Please print the data shown below without any alteration.

— THE DATA —

BEGIN

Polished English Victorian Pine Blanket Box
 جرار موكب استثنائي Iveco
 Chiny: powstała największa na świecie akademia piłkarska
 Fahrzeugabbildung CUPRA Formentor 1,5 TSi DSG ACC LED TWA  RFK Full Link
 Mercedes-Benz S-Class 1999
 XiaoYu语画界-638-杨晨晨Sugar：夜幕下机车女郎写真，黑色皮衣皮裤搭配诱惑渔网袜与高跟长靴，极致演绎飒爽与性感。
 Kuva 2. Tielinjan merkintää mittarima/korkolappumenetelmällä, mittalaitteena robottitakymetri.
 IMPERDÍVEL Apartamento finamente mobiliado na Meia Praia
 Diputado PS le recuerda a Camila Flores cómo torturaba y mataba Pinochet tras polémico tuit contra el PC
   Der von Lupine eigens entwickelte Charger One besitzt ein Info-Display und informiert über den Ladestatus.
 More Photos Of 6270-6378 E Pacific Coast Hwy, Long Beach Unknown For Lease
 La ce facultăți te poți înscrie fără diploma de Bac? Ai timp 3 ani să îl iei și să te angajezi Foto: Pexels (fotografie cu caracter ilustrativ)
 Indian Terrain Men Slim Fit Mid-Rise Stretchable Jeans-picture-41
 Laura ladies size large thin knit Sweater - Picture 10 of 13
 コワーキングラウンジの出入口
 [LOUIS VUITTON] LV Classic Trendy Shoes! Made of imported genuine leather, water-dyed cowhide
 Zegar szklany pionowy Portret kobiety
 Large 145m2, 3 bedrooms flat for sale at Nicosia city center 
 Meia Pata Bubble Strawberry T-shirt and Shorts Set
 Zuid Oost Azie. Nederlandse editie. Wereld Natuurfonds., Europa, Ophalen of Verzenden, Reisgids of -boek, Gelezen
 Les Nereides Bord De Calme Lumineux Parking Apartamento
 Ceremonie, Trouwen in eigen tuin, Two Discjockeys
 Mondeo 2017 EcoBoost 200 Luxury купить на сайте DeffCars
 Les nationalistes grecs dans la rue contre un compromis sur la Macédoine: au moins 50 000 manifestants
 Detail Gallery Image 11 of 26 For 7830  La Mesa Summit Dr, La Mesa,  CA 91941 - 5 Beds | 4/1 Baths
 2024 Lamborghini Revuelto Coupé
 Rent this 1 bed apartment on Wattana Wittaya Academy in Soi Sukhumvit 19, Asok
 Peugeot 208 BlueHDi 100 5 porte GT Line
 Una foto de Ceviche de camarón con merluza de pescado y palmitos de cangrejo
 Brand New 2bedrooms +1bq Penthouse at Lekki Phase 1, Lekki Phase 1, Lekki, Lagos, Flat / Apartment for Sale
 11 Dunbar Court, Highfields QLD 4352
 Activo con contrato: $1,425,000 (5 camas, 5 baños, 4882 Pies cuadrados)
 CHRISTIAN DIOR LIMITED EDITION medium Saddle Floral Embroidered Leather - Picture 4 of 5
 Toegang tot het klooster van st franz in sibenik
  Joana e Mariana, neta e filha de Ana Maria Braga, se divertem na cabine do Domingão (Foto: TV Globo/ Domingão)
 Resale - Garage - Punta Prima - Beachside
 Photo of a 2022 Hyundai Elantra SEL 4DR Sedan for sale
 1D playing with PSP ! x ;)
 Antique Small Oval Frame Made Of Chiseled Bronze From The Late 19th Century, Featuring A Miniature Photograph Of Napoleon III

END

— WRITTEN ANSWER —
Polished English Victorian Pine Blanket Box
 جرار موكب استثنائي Iveco
 Chiny: powstała największa na świecie akademia piłkarska
 Fahrzeugabbildung CUPRA Formentor 1,5 TSi DSG ACC LED TWA  RFK Full Link
 Mercedes-Benz S-Class 1999
 XiaoYu语画界-638-杨晨晨Sugar：夜幕下机车女郎写真，黑色皮衣皮裤搭配诱惑渔网袜与高跟长靴，极致演绎飒爽与性感。
 Kuva 2. Tielinjan merkintää mittarima/korkolappumenetelmällä, mittalaitteena robottitakymetri.
 IMPERDÍVEL Apartamento finamente mobiliado na Meia Praia
 Diputado PS le recuerda a Camila Flores cómo torturaba y mataba Pinochet tras polémico tuit contra el PC
   Der von Lupine eigens entwickelte Charger One besitzt ein Info-Display und informiert über den Ladestatus.
 More Photos Of 6270-6378 E Pacific Coast Hwy, Long Beach Unknown For Lease
 La ce facultăți te poți înscrie fără diploma de Bac? Ai timp 3 ani să îl iei și să te angajezi Foto: Pexels (fotografie cu caracter ilustrativ)
 Indian Terrain Men Slim Fit Mid-Rise Stretchable Jeans-picture-41
 Laura ladies size large thin knit Sweater - Picture 10 of 13
 コワーキングラウンジの出入口
 [LOUIS VUITTON] LV Classic Trendy Shoes! Made of imported genuine leather, water-dyed cowhide
 Zegar szklany pionowy Portret kobiety
 Large 145m2, 3 bedrooms flat for sale at Nicosia city center 
 Meia Pata Bubble Strawberry T-shirt and Shorts Set
 Zuid Oost Azie. Nederlandse editie. Wereld Natuurfonds., Europa, Ophalen of Verzenden, Reisgids of -boek, Gelezen
 Les Nereides Bord De Calme Lumineux Parking Apartamento
 Ceremonie, Trouwen in eigen tuin, Two Discjockeys
 Mondeo 2017 EcoBoost 200 Luxury купить на сайте DeffCars
 Les nationalistes grecs dans la rue contre un compromis sur la Macédoine: au moins 50 000 manifestants
 Detail Gallery Image 11 of 26 For 7830  La Mesa Summit Dr, La Mesa,  CA 91941 - 5 Beds | 4/1 Baths
 2024 Lamborghini Revuelto Coupé
 Rent this 1 bed apartment on Wattana Wittaya Academy in Soi Sukhumvit 19, Asok
 Peugeot 208 BlueHDi 100 5 porte GT Line
 Una foto de Ceviche de camarón con merluza de pescado y palmitos de cangrejo
 Brand New 2bedrooms +1bq Penthouse at Lekki Phase 1, Lekki Phase 1, Lekki, Lagos, Flat / Apartment for Sale
 11 Dunbar Court, Highfields QLD 4352
 Activo con contrato: $1,425,000 (5 camas, 5 baños, 4882 Pies cuadrados)
 CHRISTIAN DIOR LIMITED EDITION medium Saddle Floral Embroidered Leather - Picture 4 of 5
 Toegang tot het klooster van st franz in sibenik
  Joana e Mariana, neta e filha de Ana Maria Braga, se divertem na cabine do Domingão (Foto: TV Globo/ Domingão)
 Resale - Garage - Punta Prima - Beachside
 Photo of a 2022 Hyundai Elantra SEL 4DR Sedan for sale
 1D playing with PSP ! x ;)
 Antique Small Oval Frame Made Of Chiseled Bronze From The Late 19th Century, Featuring A Miniature Photograph Of Napoleon III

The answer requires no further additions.